Tuesday, June 5, 2018

no.

i'm still stoned.

still need to sleep it off.
the secondhand smoke knocked me out cold again this morning, this time for twelve hours; splitting headache, sore threat, no energy & hot rage - i was unable to do anything but sleep.

it still smells disgusting in here, and i still feel terrible, but i think she's gone for the night, so i need to take advantage of it to try and finish up to the hookup, between coughs and wheezes. i'll have to fill that ventolin prescription next time i'm out.

a part of the problem is the weather. despite the fact that the windows are open and the fans are running, i'm not getting any circulation. we should be back to normal temperatures again on thursday. let's hope it stays nice and hot. this cold weather is depressing...
i feel like i have strep throat, or something.
she's smoking pot at 9:00 am, again.

unfortunately, i'm feeling a little woozy from it. again.

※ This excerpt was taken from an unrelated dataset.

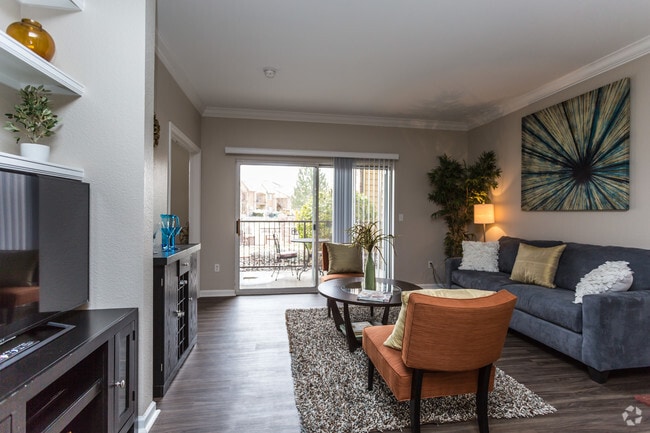 2BR, 1BA - Cannes - Regatta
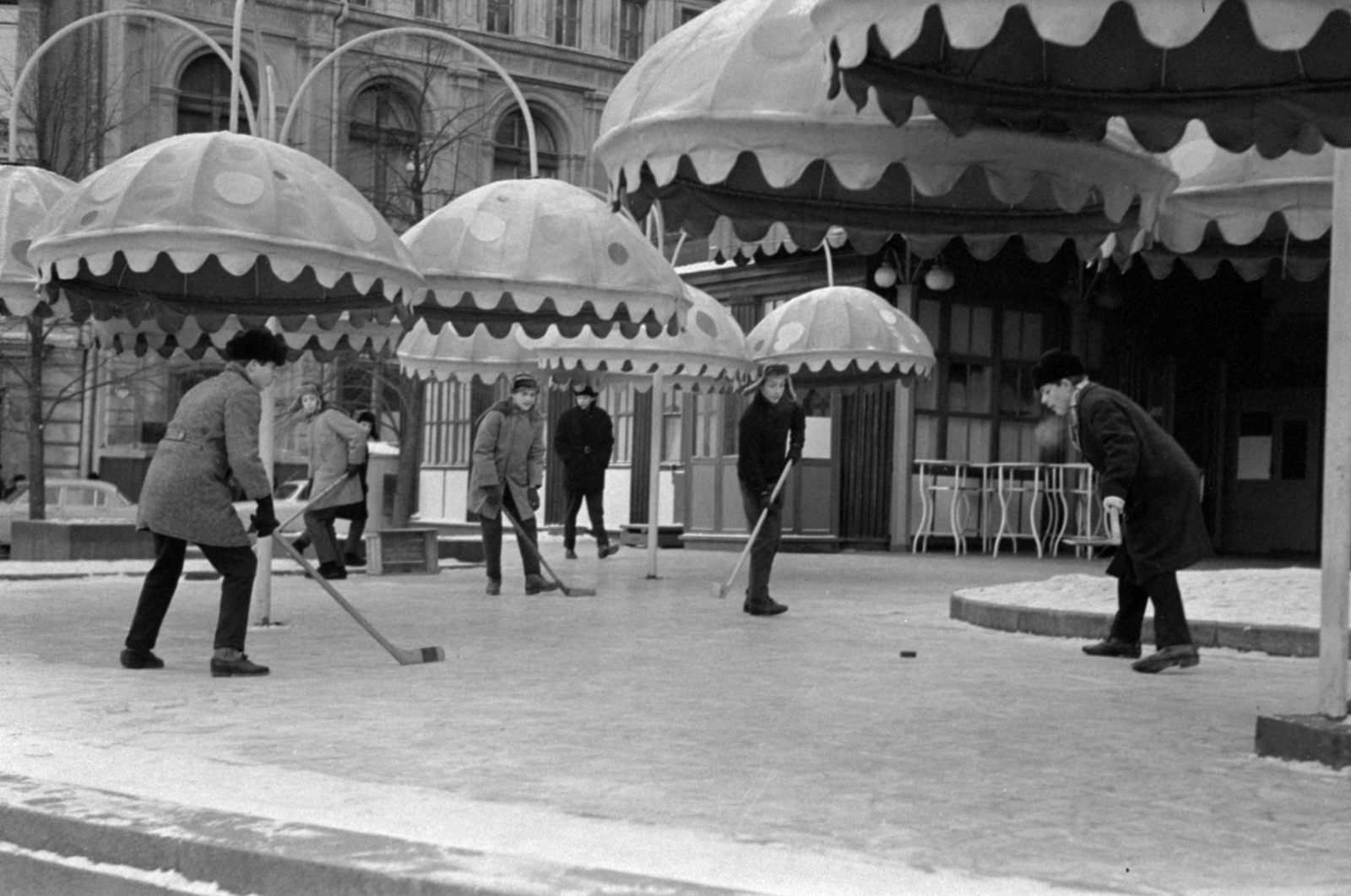 Russia, Moscow, Petrovka utca 5., a Druzsba kávézó terasza, háttérben a Kuznyeckij Moszt utca 6/3., 1964, Bojár Sándor, Fortepan #179760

i can't lose another day, i have to finish this.
i feel like i'm chain smoking.
she just doesn't fucking stop.

my throat is raw. i'm coughing. i'm sick. i'm angry.

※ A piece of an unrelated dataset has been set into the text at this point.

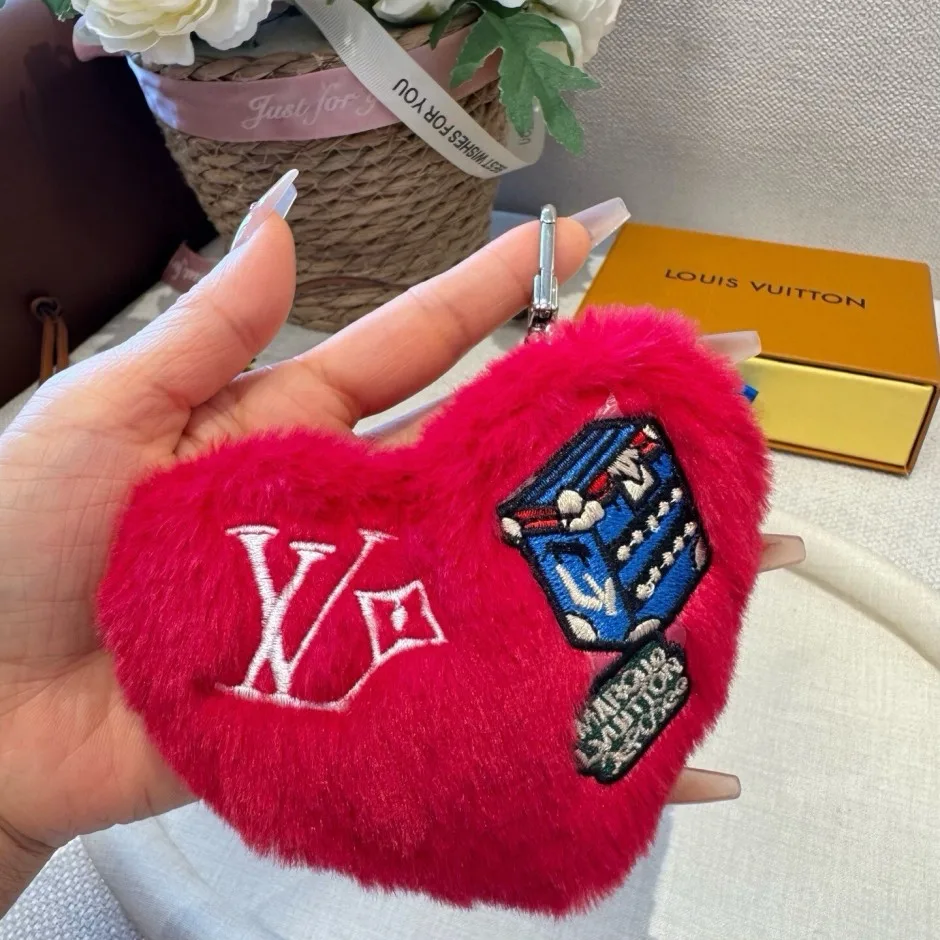M03171 バッグチャーム･LV ラッキー ハート ルイ・ヴィトン キーホルダー 偽物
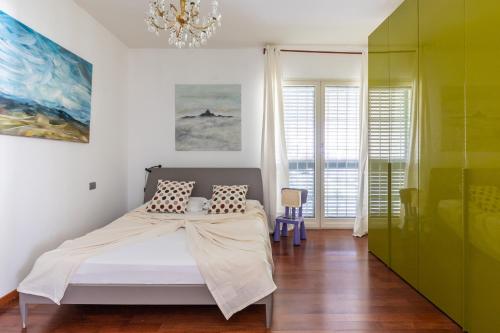 1 dormitorio con cama y lámpara de araña en Zola Predosa Apartment by Wonderful Italy, en Zola Predosa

i never chain smoked like this; i smoked a half a pack a day. she's smoking three, maybe four. i'm inhaling more smoke now than i did when i smoked...
ok. seems like the rain passed.

hopefully, we can get a nice breeze in here the rest of the morning.

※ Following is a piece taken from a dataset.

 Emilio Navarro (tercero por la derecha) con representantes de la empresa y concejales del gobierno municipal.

back to work,....let's try to get done this today.
it was bad enough on the evening of the 4th that it knocked me out cold.

now, i'm going to have close the windows for the next several hours due to the rain and shiver under the influence of unnecessary air conditioning and powerful second-hand drugs.

i'm not going to sit here, shit-faced on drugs i don't want, trying to sort through data. what a sad proposition. rather,  i'm going to hide under the covers until the rain passes. which means i'm going to lose another day. sadly.

i'll be glad to get the fuck out of here.